● **TASK TO COMPLETE**
Word for word, set down every line of the entries below from the line with "Lacoste Cappellino RK0378 Blu scuro" to the line with "Black And White", including both, and no other line.

● **DATA SUPPLIED**
==================================================
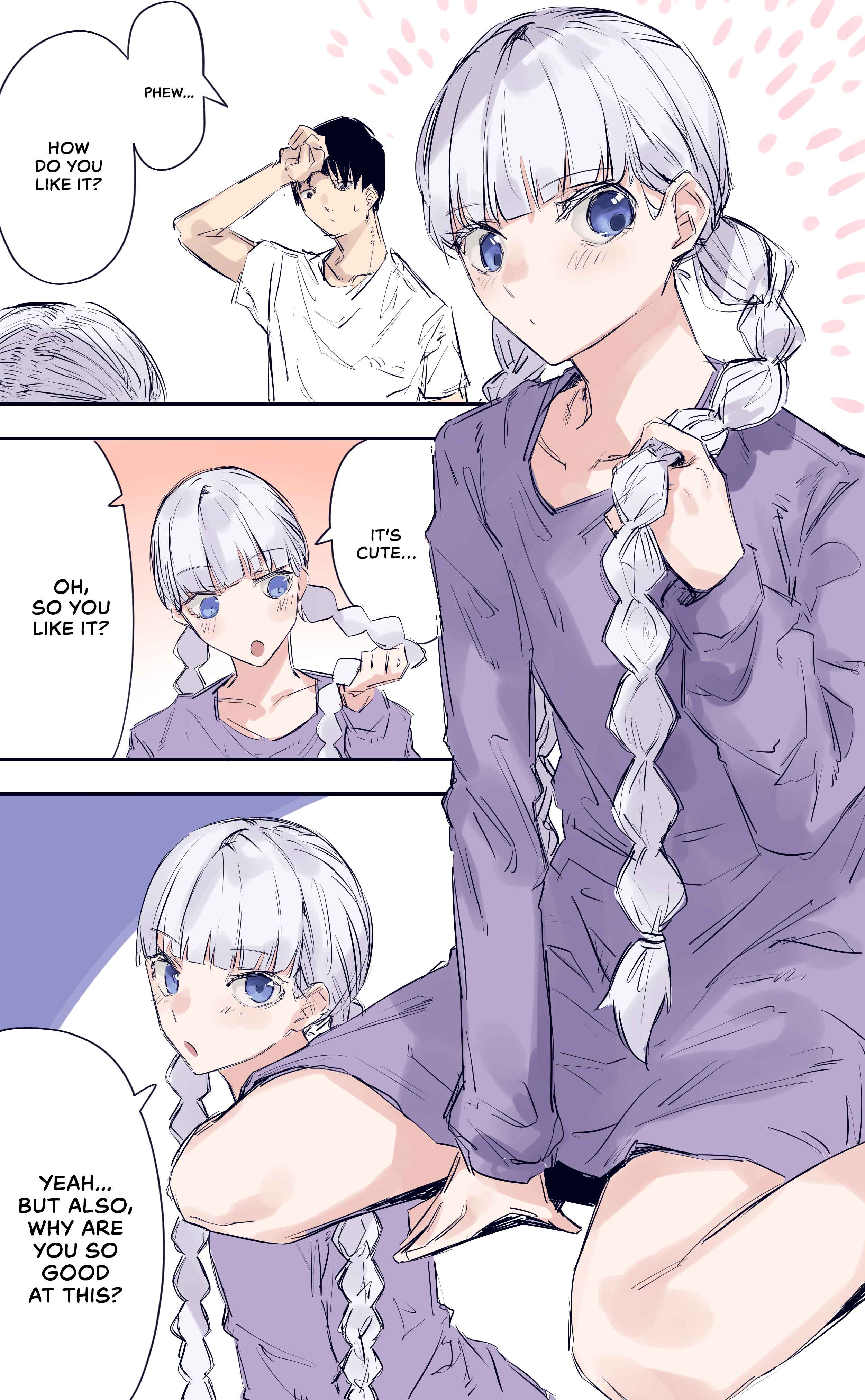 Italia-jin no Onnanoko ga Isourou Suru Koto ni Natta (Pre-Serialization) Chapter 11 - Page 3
==================================================
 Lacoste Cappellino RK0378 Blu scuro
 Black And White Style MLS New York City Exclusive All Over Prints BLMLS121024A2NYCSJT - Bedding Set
==================================================
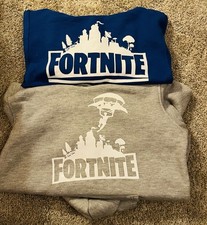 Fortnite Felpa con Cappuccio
==================================================
● **RESULT BELOW**
 Lacoste Cappellino RK0378 Blu scuro
 Black And White Style MLS New York City Exclusive All Over Prints BLMLS121024A2NYCSJT - Bedding Set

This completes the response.